I am not sure this statement is correct:


calling ClearFrame over and over does nothing, it has nothing to clear


TBGL_ClearFrame by default:
- resets color buffer, does not matter whether screen is empty or not, this is getting slower with growing resolution
- resets Z-Buffer information, this is getting slower with growing resolution
- sets matrix transformation to default identity matrix 4x4 ( no rotation, no translation, scaling = 1 ).

- Reset color buffer (No draw-frame = Should be no buffer allocated to erase, or it is empty if nothing has been drawn.)
- Resets Z-Buffer information (No draw-frame = Should be no z-order information on "0" objects.)
- Sets matrix transformation to default identity matrix 4x4 (If it is not set, should already be default 4x4 and =1)

This is also why I do resetting calls between each test... to ensure they are on a level playing field... (If you see any other items that I/WE would have to "Level the playing field" between individual tests... Don't hesitate to let me know. I am not sure how you programmed the "Things behind the curtain", you are the guy from OZ... I am just the Tin-Man.)

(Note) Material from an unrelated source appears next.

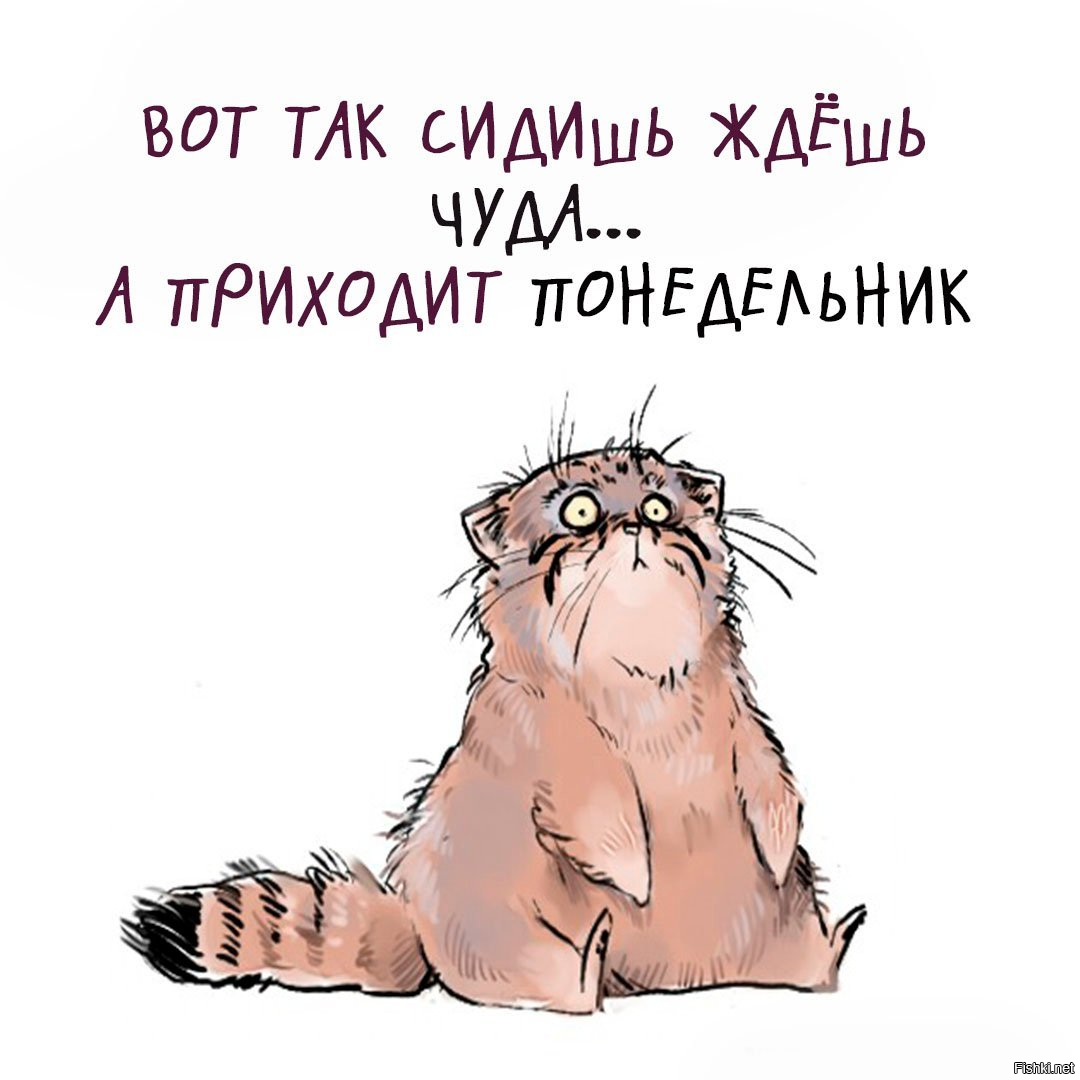 Доброго утра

Though, I understand that there MAY be something left-over from another device due to bad programming or failed clean-up calls, prior to this call here. (That ClearFrame would normally only be called once, and would be the same result as calling ClearFrame after your own DrawFrame. But to know how SLOW it may be, I have to ensure there is something there on every call. Where one card may use "Acceleration" and see that nothing ha been written, so no cleaning needs to be done, and would pass back the useless call fast, while a dumb card would keep cleaning nothing over and over.)

One group of faulty cards "Errata", would/should not impact the results of every other correct working device. EG, if all those cards have that issue, the results will be the same for all of them. Which is what this testing method is designed to handle. For the cards where this is not an issue... the value of the speed-benchmark here, will point out that gain or loss.